**EXERCISE MATERIAL**
————

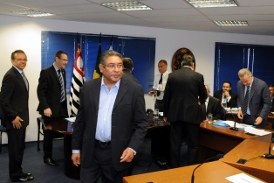 Comissão Processante ouve sete testemunhas nesta 3ª feira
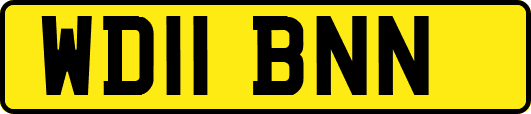 WD11BNN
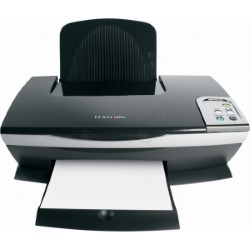Lexmark X1280 printer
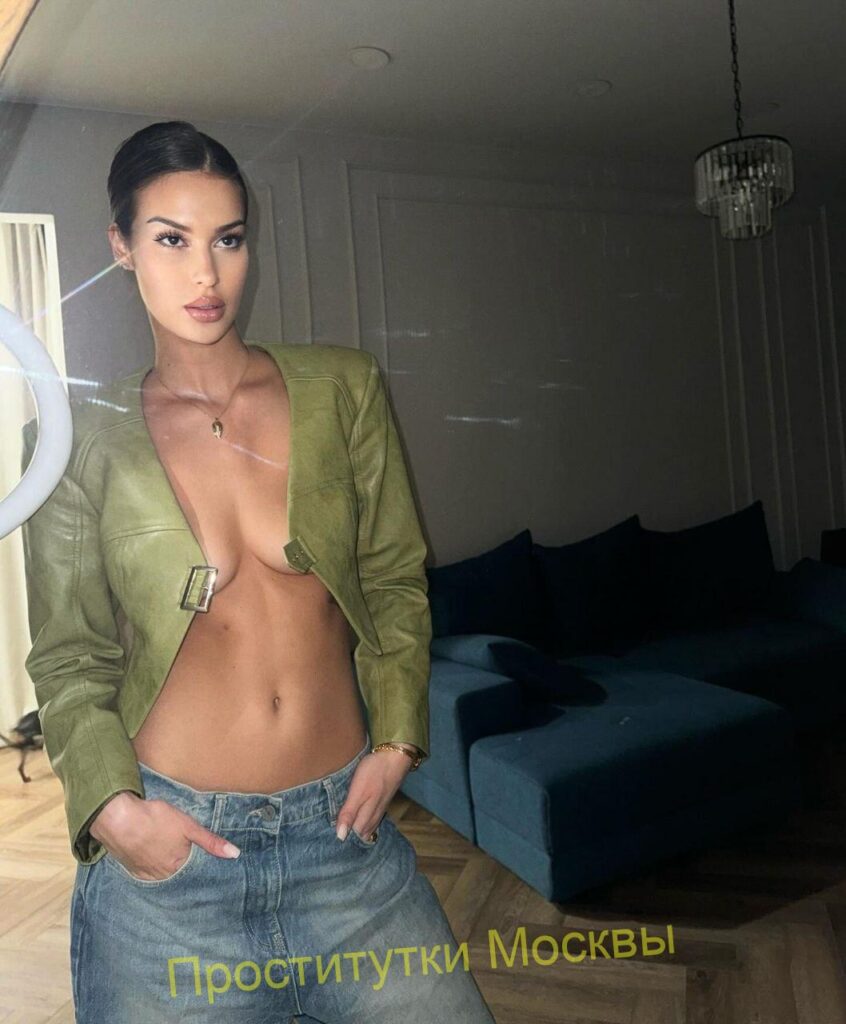 Путана Тася IntimCity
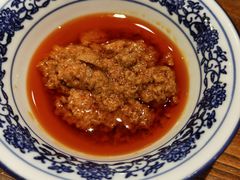 腐乳蘸料-滇越乘象云南餐厅(次渠店)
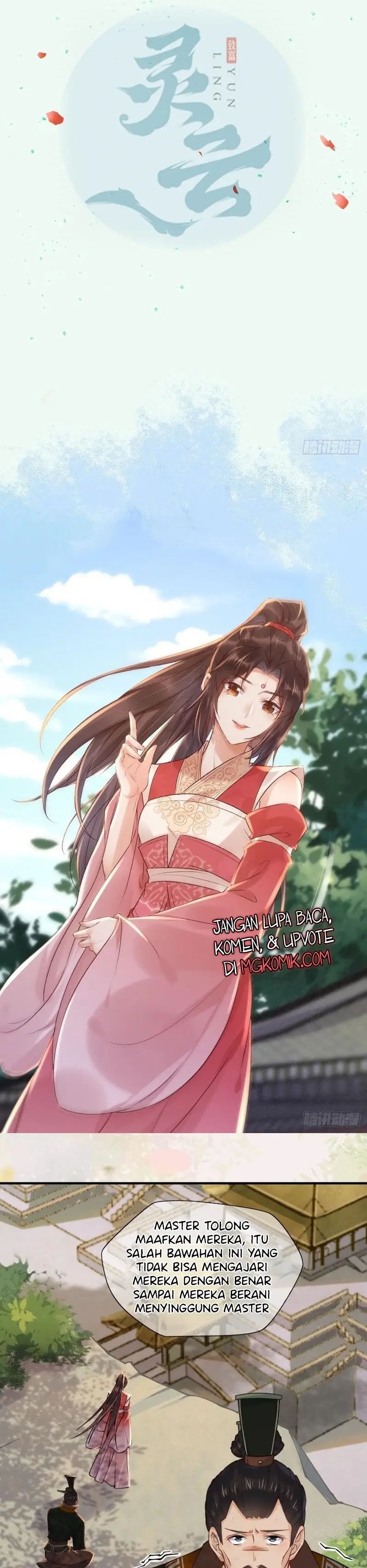 The Ghostly Doctor Chapter 520 Gambar 2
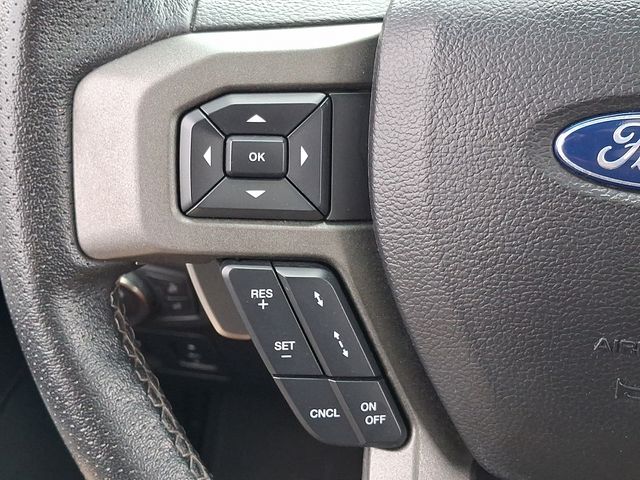 2020 Ford F-150 Raptor - Photo 22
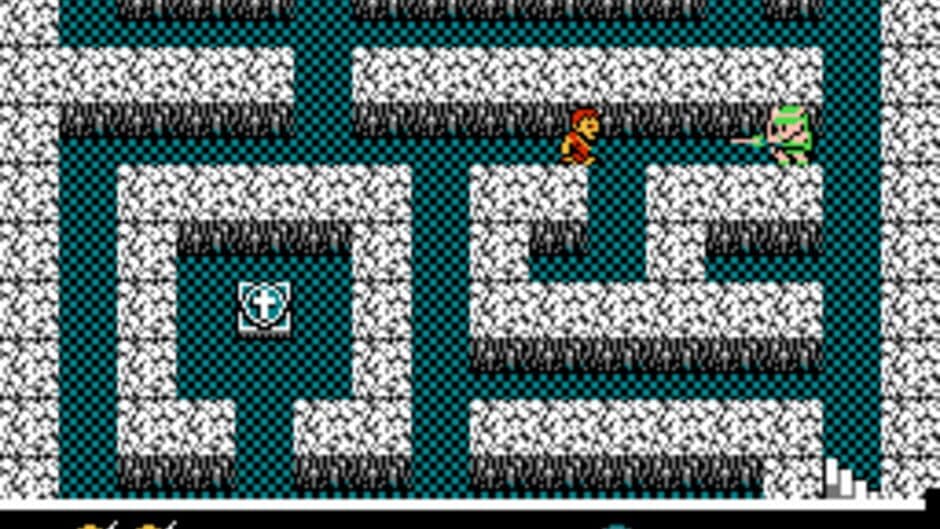 Arkista's Ring screenshot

————

**WHAT TO DO**
Please output every record above exactly. Leave the pictures out.

**WRITTEN ANSWER**
 Comissão Processante ouve sete testemunhas nesta 3ª feira
 WD11BNN
Lexmark X1280 printer
 Путана Тася IntimCity
 腐乳蘸料-滇越乘象云南餐厅(次渠店)
 The Ghostly Doctor Chapter 520 Gambar 2
 2020 Ford F-150 Raptor - Photo 22
 Arkista's Ring screenshot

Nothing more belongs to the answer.